É de lamentar que não tenha havido vontade política para alcançar um consenso partidário alargado sobre uma matéria de tão grande melindre, de modo a evitar clivagens desnecessárias na sociedade portuguesa.
Face à grave crise que o País atravessa e aos complexos desafios que tem à sua frente, importa promover a união dos Portugueses e não dividi-los, adoptar uma estratégia de compromisso e não de ruptura.
As forças partidárias que aprovaram o diploma não quiseram ponderar um princípio elementar da acção política numa sociedade plural: o de escolherem, de entre as várias soluções jurídicas, aquela que fosse susceptível de criar menos conflitualidade social ou aquela que pudesse ser aceite pelo maior número de cidadãos, fosse qual fosse a sua visão do mundo.
Considero que não teria sido difícil alcançar um compromisso na Assembleia da República se tivesse sido feito um esforço sério nesse sentido.
Bastava ter olhado para as soluções jurídicas encontradas em países como a França, a Alemanha, a Dinamarca ou o Reino Unido que, como é óbvio, não são discriminatórias e respeitam a instituição do casamento enquanto união entre homem e mulher.
Nesses países, à união de pessoas do mesmo sexo foram reconhecidos direitos e deveres semelhantes aos do casamento entre pessoas de sexo diferente, mas não se lhe chamou casamento, com todas as consequências que daí decorrem.
Aliás, no mundo inteiro, só em sete países é designada por “casamento” a união entre pessoas do mesmo sexo. Dos 27 Estados da União Europeia são apenas quatro aqueles que o fazem.
Não é, portanto, verdadeira a afirmação de que a inexistência do casamento entre pessoas do mesmo sexo corresponde a um fenómeno residual no mundo contemporâneo, um resquício arcaico típico de sociedades culturalmente mais atrasadas.
Não me parece que alguém, honestamente, possa qualificar o Reino Unido, a Alemanha, a França, a Suíça ou a Dinamarca como países retrógrados.
O diploma da Assembleia da República, que permite o casamento entre pessoas do mesmo sexo, foi por mim submetido à fiscalização preventiva do Tribunal Constitucional, tendo por este sido considerado não inconstitucional.
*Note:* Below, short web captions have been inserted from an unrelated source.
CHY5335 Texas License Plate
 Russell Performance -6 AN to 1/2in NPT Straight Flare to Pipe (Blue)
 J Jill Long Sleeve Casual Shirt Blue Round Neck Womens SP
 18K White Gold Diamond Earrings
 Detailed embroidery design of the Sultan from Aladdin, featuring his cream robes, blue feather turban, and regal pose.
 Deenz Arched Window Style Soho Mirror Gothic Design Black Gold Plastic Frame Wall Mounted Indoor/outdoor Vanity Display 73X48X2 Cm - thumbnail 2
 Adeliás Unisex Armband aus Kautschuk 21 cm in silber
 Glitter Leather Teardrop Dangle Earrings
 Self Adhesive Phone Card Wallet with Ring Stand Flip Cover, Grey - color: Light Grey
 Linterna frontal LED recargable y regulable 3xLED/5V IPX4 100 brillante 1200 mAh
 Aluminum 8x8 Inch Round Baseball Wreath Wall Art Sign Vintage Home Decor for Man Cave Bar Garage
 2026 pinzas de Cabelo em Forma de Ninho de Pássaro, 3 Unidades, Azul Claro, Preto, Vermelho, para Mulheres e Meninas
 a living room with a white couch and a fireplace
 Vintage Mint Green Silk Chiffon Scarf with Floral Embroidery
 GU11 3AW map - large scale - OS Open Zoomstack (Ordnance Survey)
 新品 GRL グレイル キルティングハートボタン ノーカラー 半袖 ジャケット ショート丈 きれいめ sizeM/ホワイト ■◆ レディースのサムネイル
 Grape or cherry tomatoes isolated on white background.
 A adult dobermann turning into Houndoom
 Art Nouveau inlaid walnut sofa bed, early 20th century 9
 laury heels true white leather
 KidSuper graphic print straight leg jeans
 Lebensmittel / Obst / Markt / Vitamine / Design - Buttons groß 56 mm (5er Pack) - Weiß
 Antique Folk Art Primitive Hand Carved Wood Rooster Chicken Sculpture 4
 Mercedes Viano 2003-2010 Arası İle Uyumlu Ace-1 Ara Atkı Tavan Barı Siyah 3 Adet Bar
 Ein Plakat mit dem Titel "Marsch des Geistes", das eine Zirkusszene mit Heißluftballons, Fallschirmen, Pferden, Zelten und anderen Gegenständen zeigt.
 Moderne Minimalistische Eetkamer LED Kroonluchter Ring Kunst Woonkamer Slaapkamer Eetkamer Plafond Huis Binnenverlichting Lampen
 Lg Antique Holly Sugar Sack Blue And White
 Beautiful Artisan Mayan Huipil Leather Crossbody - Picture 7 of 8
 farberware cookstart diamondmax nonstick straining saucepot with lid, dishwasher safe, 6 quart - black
Tal não impede, contudo, que o Presidente da República possa ainda utilizar o poder de veto que a Constituição lhe confere e devolver o diploma ao Parlamento.
Importa, no entanto, ponderar os efeitos práticos de uma tal decisão e ter em devida conta o superior interesse nacional, face à dramática situação em que o País se encontra.
Conhecidas que são as posições expressas aquando do debate do diploma na Assembleia da República, tudo indica que as forças políticas que o aprovaram voltariam a aprová-lo.
Nessas circunstâncias, o Presidente da República seria obrigado a promulgá-lo no prazo de oito dias.
Sendo assim, entendo que não devo contribuir para arrastar inutilmente este debate, o que acentuaria as divisões entre os Portugueses e desviaria a atenção dos agentes políticos da resolução dos problemas que afectam gravemente a vida das pessoas.
Como Presidente da República não posso deixar de ter presente os milhares de Portugueses que não têm emprego, o agravamento das situações de pobreza, a situação que o País enfrenta devido ao elevado endividamento externo e outras dificuldades que temos de ultrapassar.
Os Portugueses recordam-se, certamente, de que na minha mensagem de Ano Novo alertei para o momento muito difícil em que Portugal se encontra e disse mesmo que podíamos “caminhar para uma situação explosiva”. E disse também que não é tempo de inventarmos desculpas para adiar a resolução dos problemas concretos dos Portugueses.
Há momentos na vida de um País em que a ética da responsabilidade tem de ser colocada acima das convicções pessoais de cada um.
Assim, decidi promulgar hoje a lei que permite o casamento civil entre pessoas do mesmo sexo.